- Work order:
Transcribe, starting at the line with "Preview: Rubber Horn" and ending at the line with "3711 Qilisa Accessories", every line of the material below exactly, but leave out the pictures and anything outside that span.

Top of The data

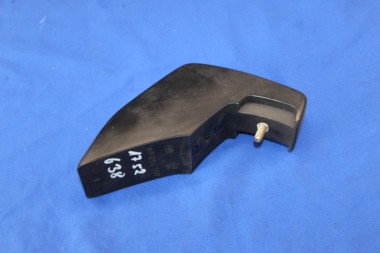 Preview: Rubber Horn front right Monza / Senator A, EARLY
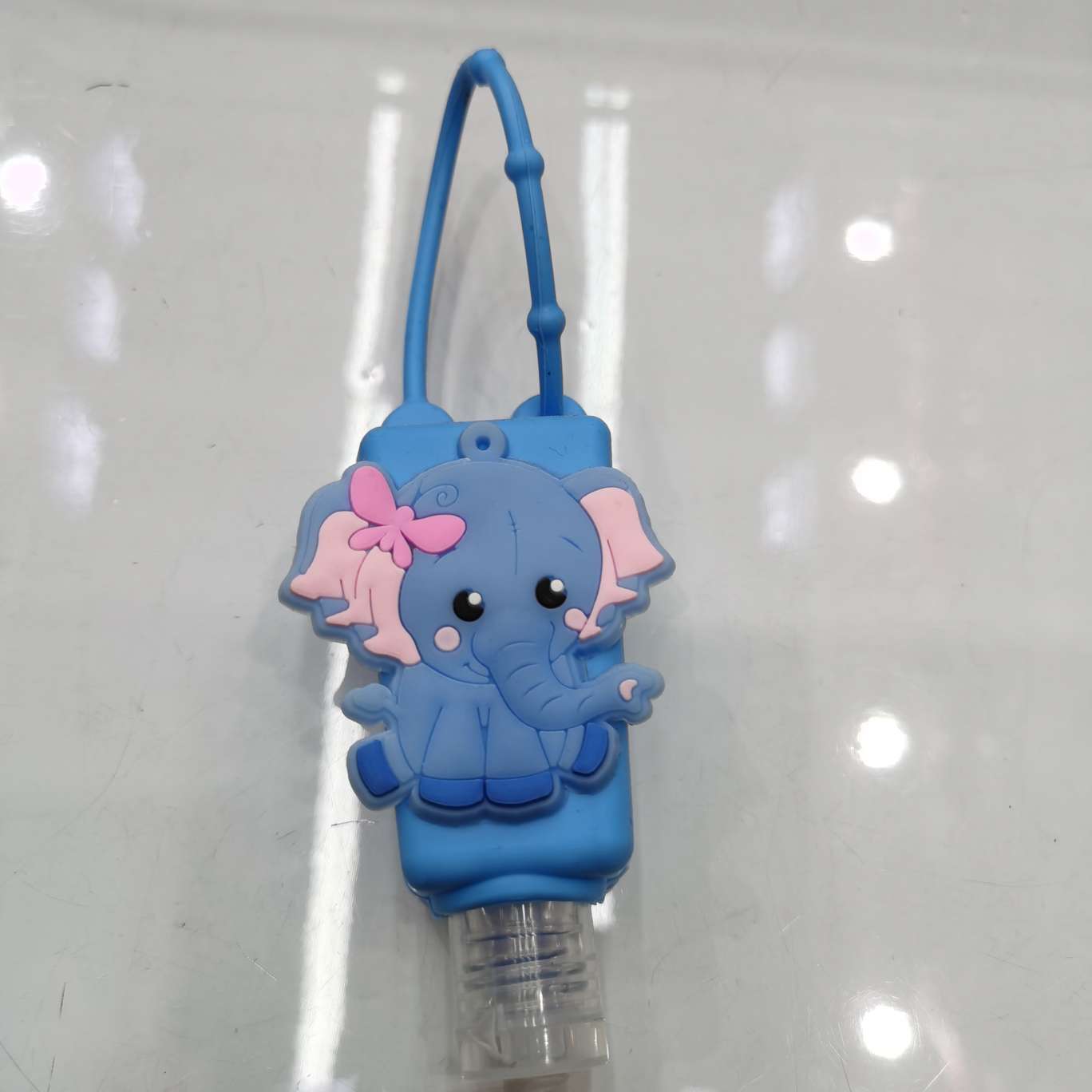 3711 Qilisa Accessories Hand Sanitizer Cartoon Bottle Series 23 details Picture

Bottom of The data
Top of The data

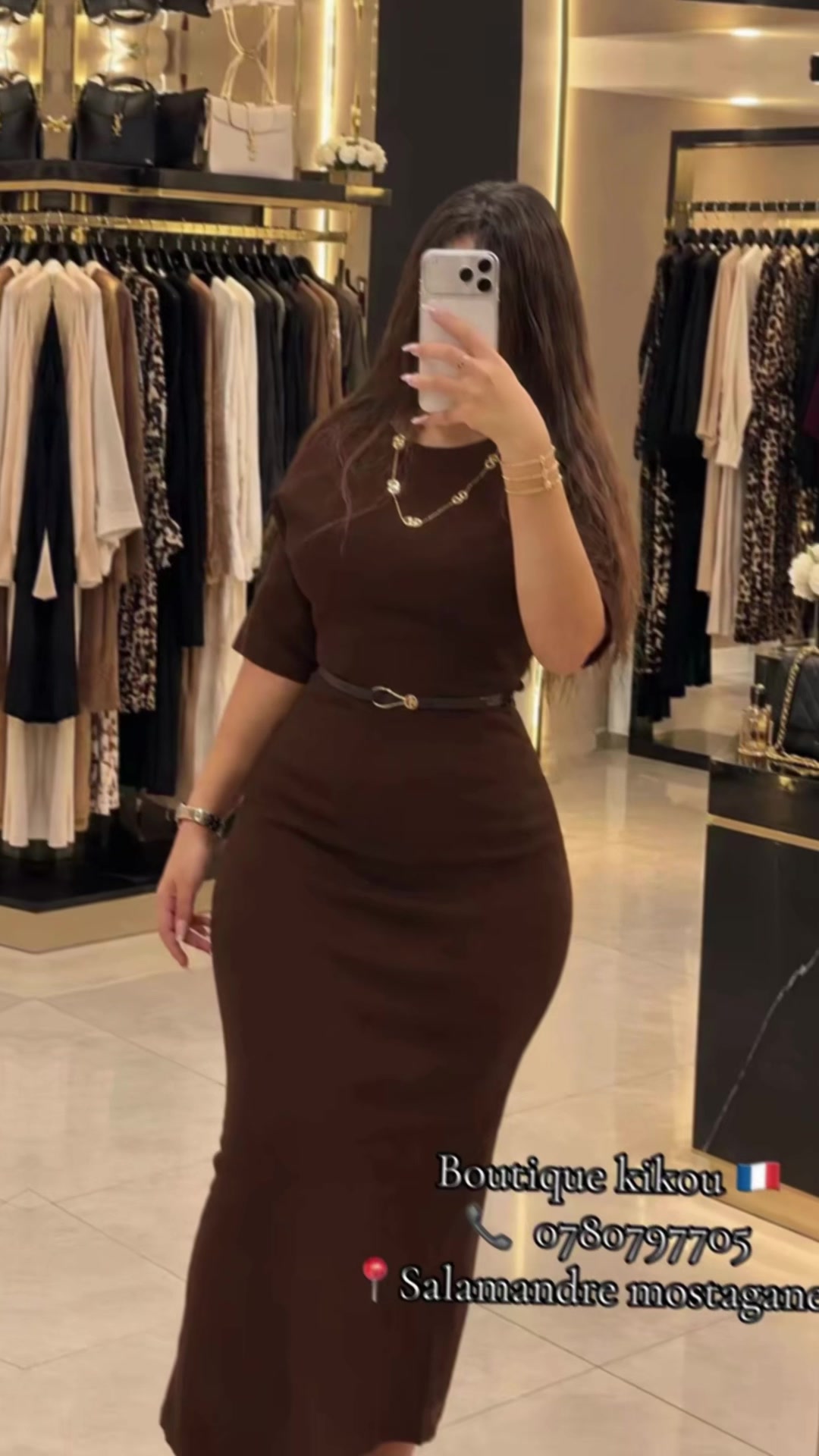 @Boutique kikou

Bottom of The data
Top of The data

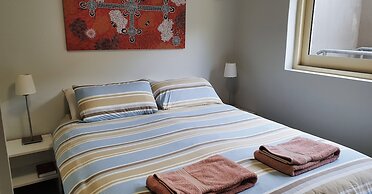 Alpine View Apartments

Bottom of The data

- Answer space:
 Preview: Rubber Horn front right Monza / Senator A, EARLY
 3711 Qilisa Accessories Hand Sanitizer Cartoon Bottle Series 23 details Picture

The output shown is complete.